II. Inspirada por Dios
No un libro cualquiera
Por eso, después de leer el evangelio, el sacerdote besa el libro; y antes de escucharlo, trazamos el signo de la cruz en la frente, los labios y sobre nuestros corazones, dándole gracias y gloria al Señor por estar con nosotros.
Estos no son gestos o ritos sin sentido. Hacemos estas cosas por una razón crucial: -porque estamos recibiendo la Escritura como los primeros cristianos la recibieron- ”no como palabra de hombre, sino cual es en verdad, como palabra de Dios” (1 Tes. 2:13).
Por lo mismo las Escrituras siempre tienen un lugar de honor en nuestras iglesias.
En muchas iglesias, el libro de los evangelios es decorado especialmente, se lleva en procesiones y se coloca en el centro del altar en la liturgia.

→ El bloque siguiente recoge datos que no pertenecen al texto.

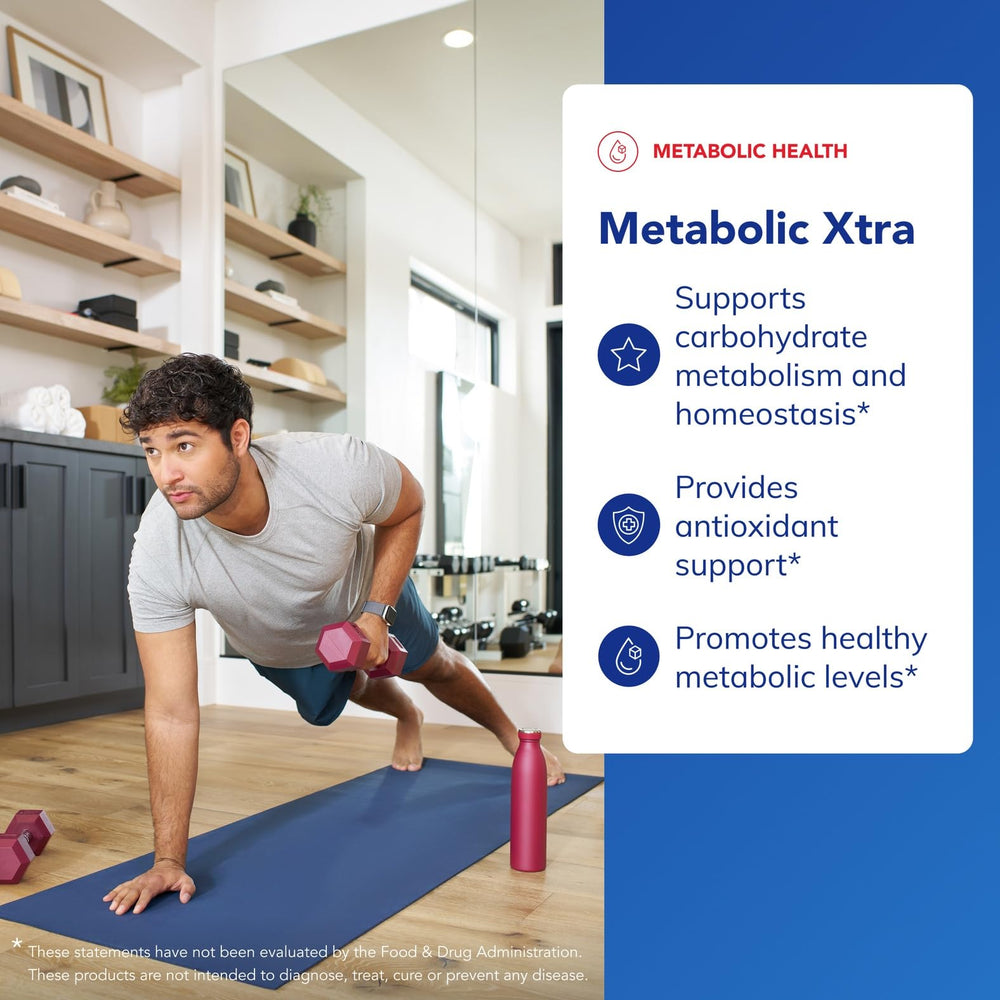 Promotional Metabolic Xtra pack highlighting daily metabolic support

Es el objeto central de la Liturgia de la Palabra y lo tratamos con el respeto que se debe a la Palabra de Dios.
Nuestro respeto para las Escrituras no es nada nuevo.
Podemos ver el mismo respeto profundo en los autores del Nuevo Testamento Cuando vemos la palabra “Escrituras” en el Nuevo Testamento, por supuesto, casi siempre se refiere a lo que nosotros ahora llamamos el Antiguo Testamento (cfr. Jn. 5:39 y Rom. 1:2).
Los judíos del tiempo de Jesús frecuentemente se referían a las Escrituras como “la Ley y los profetas” (Mt. 5:17), lo que entendemos por Antiguo Testamento.
Jesús y sus discípulos, como todos los buenos israelitas de su tiempo, entendieron que estos libros o escritos eran muy especiales.
Las Escrituras eran “los oráculos de Dios” (Rom. 3:2) o “profecías” (2 Pe. 1:19-20), no en el sentido de predecir el futuro sino como mensajes de Dios.
“Toda Escritura es inspirada por Dios” escribe San Pablo (2 Tim. 3:16).
La palabra griega que traducimos “inspirada” literalmente quiere decir “insuflada de Dios.” Y esto nos ayuda pensar en lo que es la inspiración divina de la Escritura.
Como Dios moldeó a Adán del polvo del suelo e insufló el aliento de vida en él (cfr. Gen. 2:7), y como el Espíritu Santo cubrió a la Virgen María con su sombra (cfr. Lc. 1:35), así Dios insufla su Espíritu en las palabras de la Escritura, llenándolas con sentido divino y poder que da vida.